This question is similar to this one and this one, but seems to be ill-posed. Either because it implies an unknown (undefined) way how the neurons process the inputs, or because the provided solution (5, 3) is wrong.

Concretely, usual neurons only sum their inputs and the bias and pass the sum through a step function. These are the typical neurons used in practice, so, without further information, educated reader would simply assume such neurons by default. Under this assumption, we need 5 neurons, no matter whether the step function produces {0, 1} or {-1, 1} as the output. See the left part of the figure below. The first layer simply defines two linear boundaries, u (blue) and v (red). In the next layer, we perform logical AND: $$w = u \wedge v$$ and $$z = \bar{u} \wedge \bar{v}$$. $$w$$ is 1 for the black triangles above the red and the blue line, and 0 otherwise. $$z$$ is 1 for the black triangles below the red and the blue line, and 0 otherwise. In the last (3rd) layer, we combine these by a logical OR: $$y = w \vee z$$ is 1 for the triangles, and 0 otherwise. I refrain from explaining how to implement AND, OR and NOT in a neural network. You can look up my explanation here.

However, if the neurons are allowed to multiply their inputs (something highly unusual in practice, but theoretically possible), then we can achieve the classification using only three neurons (right part of the figure above).

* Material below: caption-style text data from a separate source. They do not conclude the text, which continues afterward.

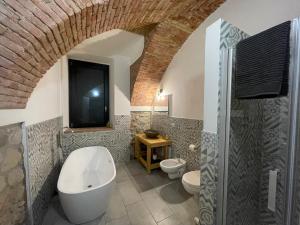 y baño con 2 aseos, lavamanos y ducha. en Agriturismo Al Mancino en Lonato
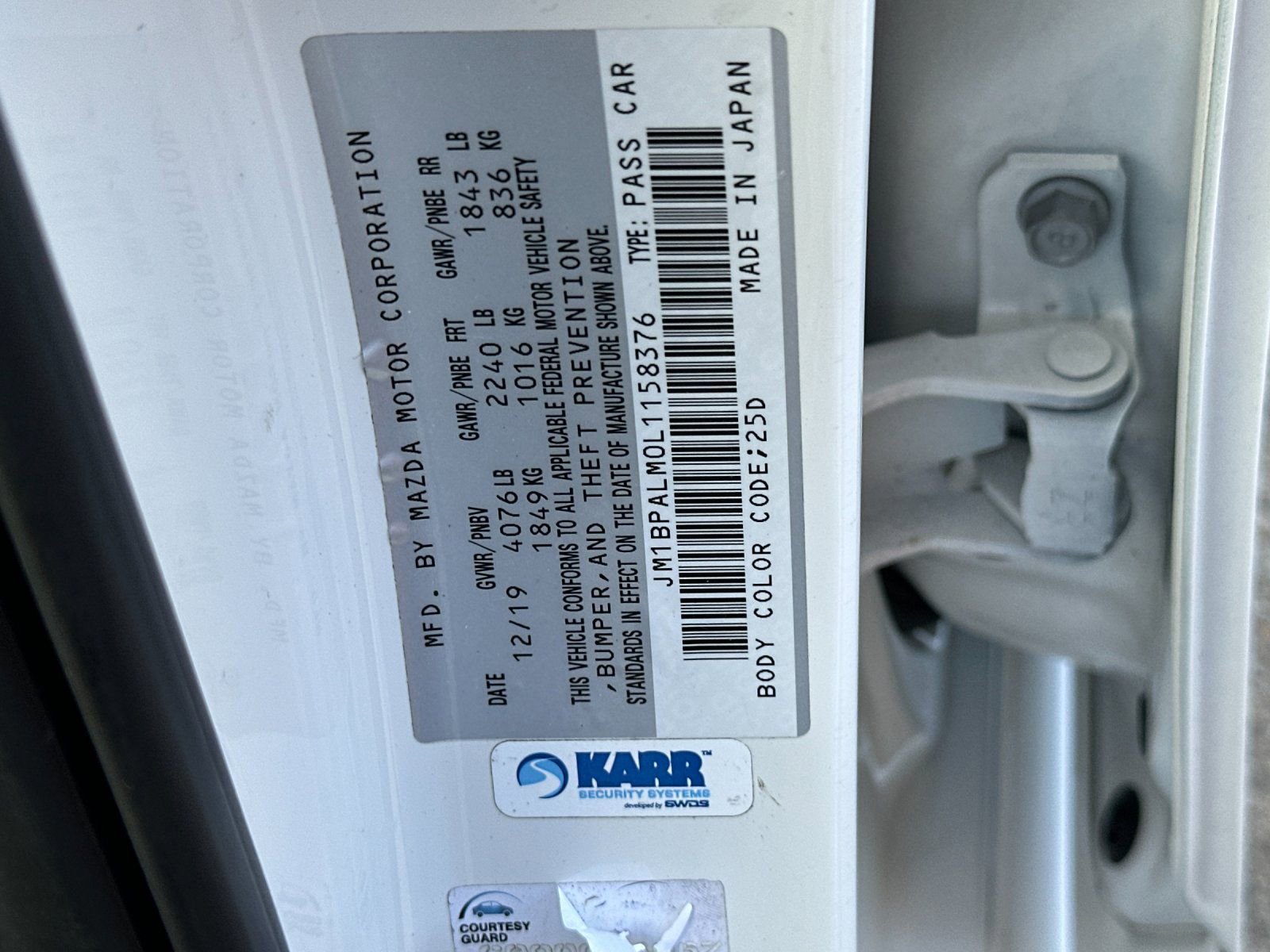 Used 2020 MAZDA MAZDA3 Hatchback image 34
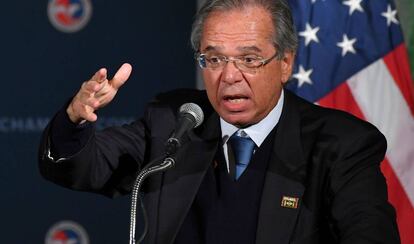 Paulo Guedes discursa na Câmera de Comércio em Washinton. 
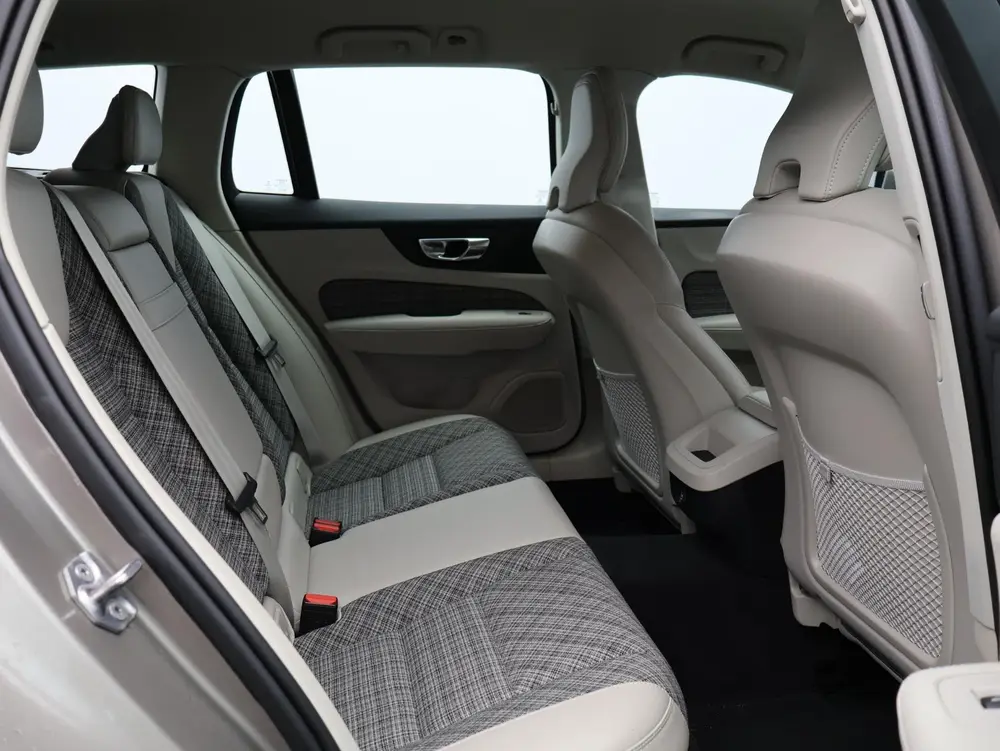 Volvo V60 2.0 T5 Momentum Pro uit 2019, foto 9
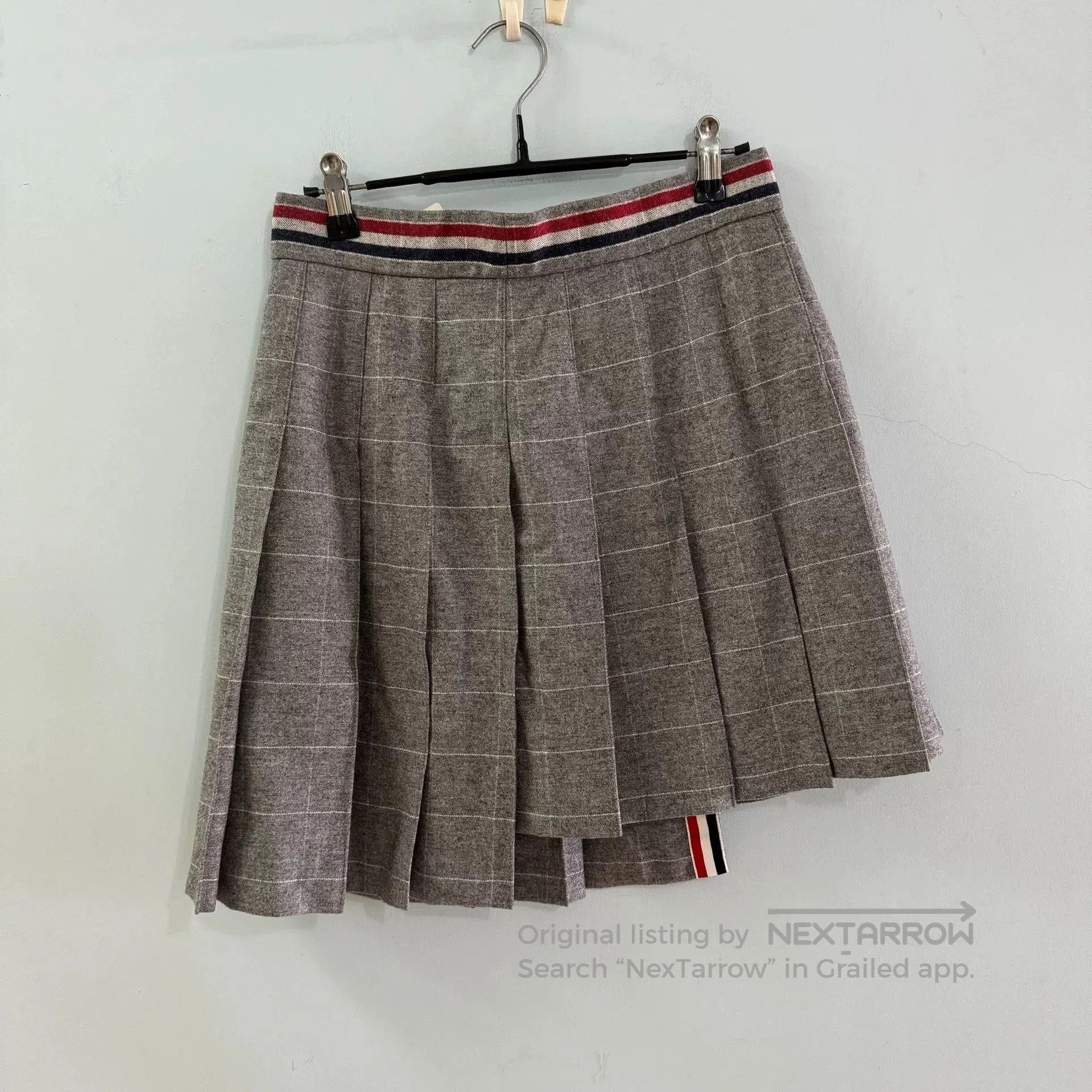 Thom Browne Thom Browne Gray Pleated Mini Skirt. Size 39" - 1 Thumbnail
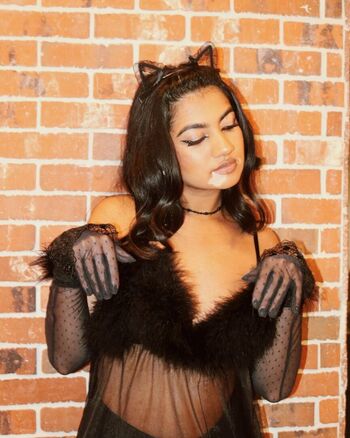 🔥 Mallika sabnani page leaked private photo uncensored full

The first layer again defines two linear boundaries, but now the output is +1 if a point is on one side of the boundary and -1 on the other. So, the black triangles above the two boundaries have $$(u, v) = (+1, +1)$$, while those below the both boundaries have $$(u, v) = (-1, -1)$$. In the second (last!) layer, we simply multiply the two: $$y = u \cdot v$$. $$y$$ is one for the triangles, and -1 otherwise.

If this was an exam question, I consider it highly unfair, because it requires highly unusual neurons and there is no hint to that. Actually, if you develop this idea further, you can come up with just a single neuron, one which combines the functionality of the three neurons in the right figure. There is nothing in the question suggesting that neurons cannot do that...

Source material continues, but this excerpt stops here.